- _Excerpted data_:
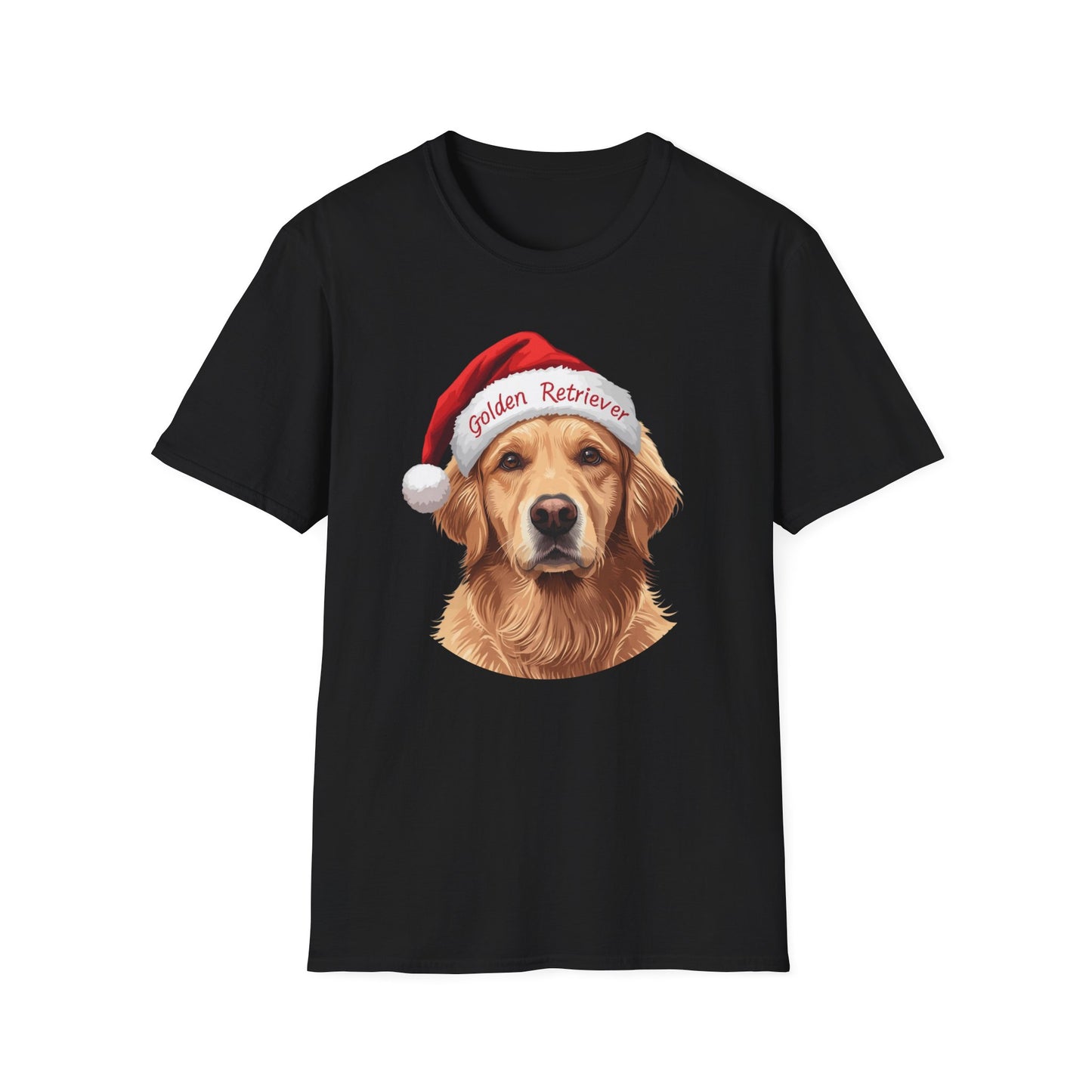 Golden Retriever Dog Portrait Shirt – Lab Dog Lover Gift, Cute Dog Mom Tee, Dog Dad Shirt, Pet Breed Apparel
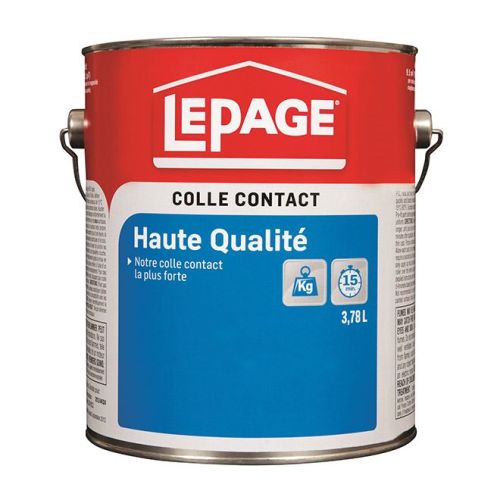 Colle contact ultra robuste LePage, 3,8L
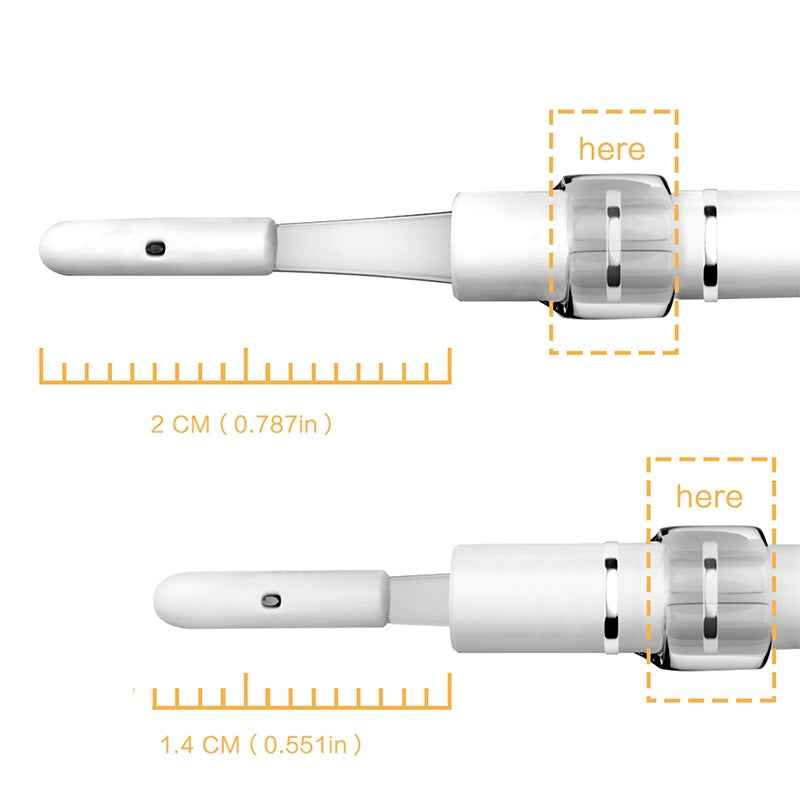 I98-1.3-Million-HD-Visual-Earwax-Clean-Tool-Endoscope-Borescope-with-6-LEDs,-Lens-Diameter:-5.5mm-(Yellow)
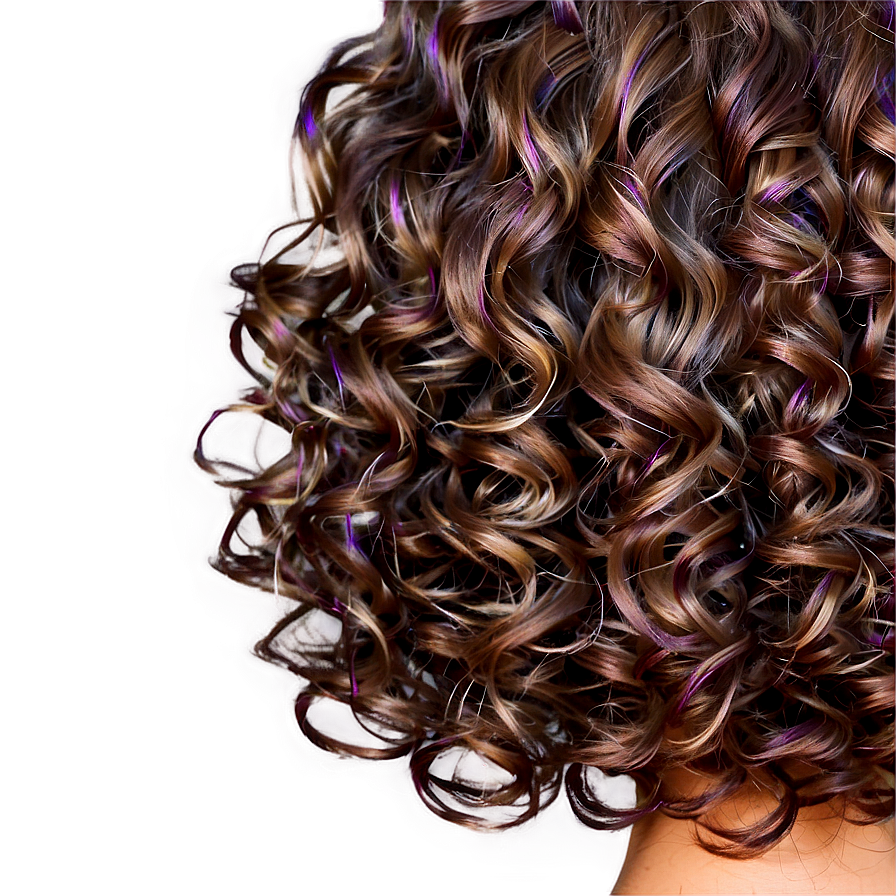 Texture Perm Hair Png Exp19 PNG image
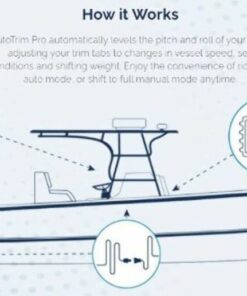 Bennett AP000A1BC Automatic PRO Control Switch System for ELECTRIC Trim Tab Boat,,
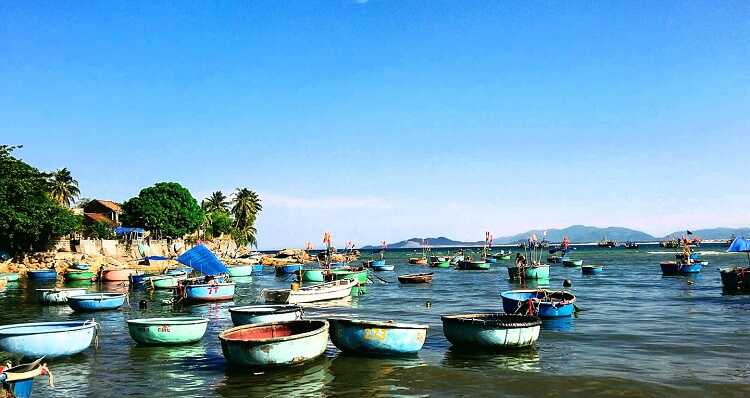 Làng chài Tân Phụng, một bãi biển Quy Nhơn bình yên đến lạ lùng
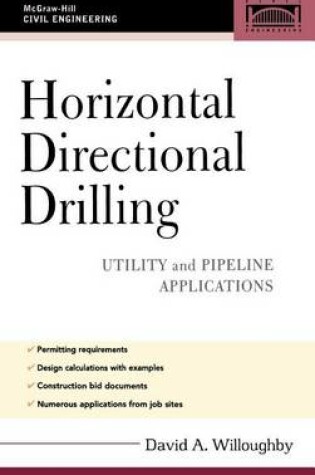 Cover of Horizontal Directional Drilling (Hdd): Utility and Pipeline Applications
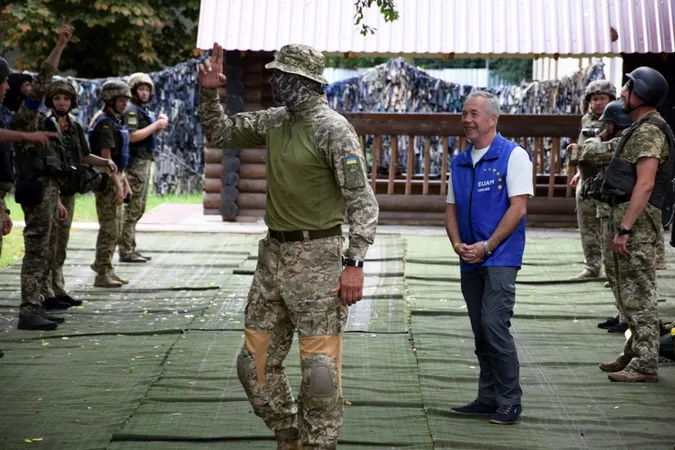 Бойові медики провели тренінг волинським прикордонникам (фото)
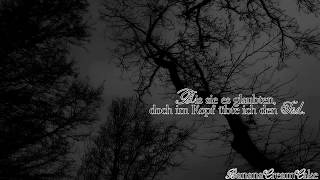 ✗..doch im Kopf übte ich den Tod.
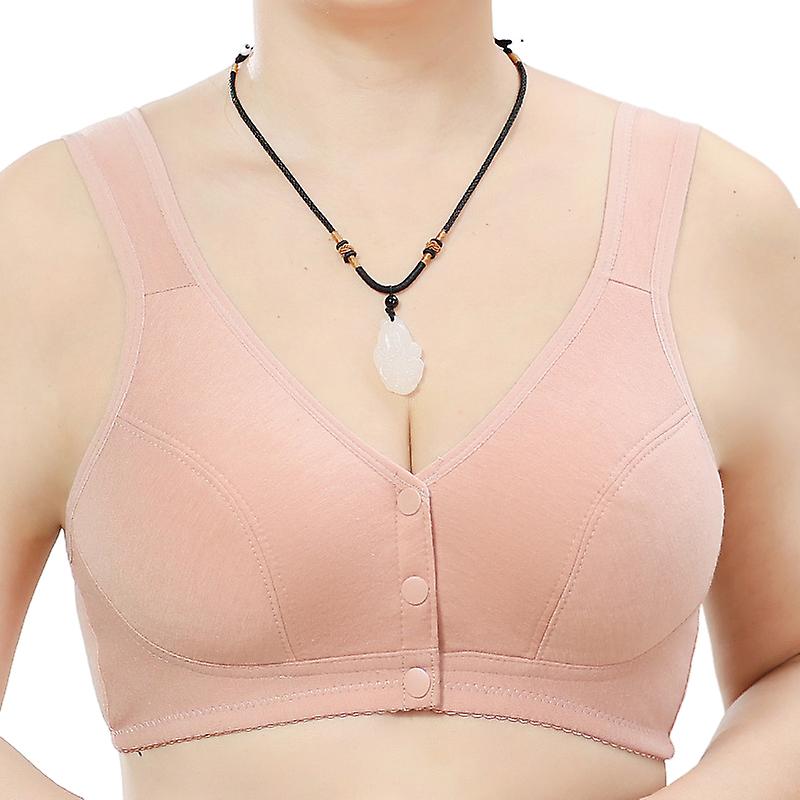 Women's Wireless Comfort Bra Tank Top Style Plus Size Cotton Everyday Bra For Everyday Basic Wear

- _Problem to solve_: The result should be an exact repetition of all the records. Drop the pictures.

- _Answer section_:
 Golden Retriever Dog Portrait Shirt – Lab Dog Lover Gift, Cute Dog Mom Tee, Dog Dad Shirt, Pet Breed Apparel
 Colle contact ultra robuste LePage, 3,8L
 I98-1.3-Million-HD-Visual-Earwax-Clean-Tool-Endoscope-Borescope-with-6-LEDs,-Lens-Diameter:-5.5mm-(Yellow)
 Texture Perm Hair Png Exp19 PNG image
 Bennett AP000A1BC Automatic PRO Control Switch System for ELECTRIC Trim Tab Boat,,
 Làng chài Tân Phụng, một bãi biển Quy Nhơn bình yên đến lạ lùng
 Cover of Horizontal Directional Drilling (Hdd): Utility and Pipeline Applications
 Бойові медики провели тренінг волинським прикордонникам (фото)
 ✗..doch im Kopf übte ich den Tod.
 Women's Wireless Comfort Bra Tank Top Style Plus Size Cotton Everyday Bra For Everyday Basic Wear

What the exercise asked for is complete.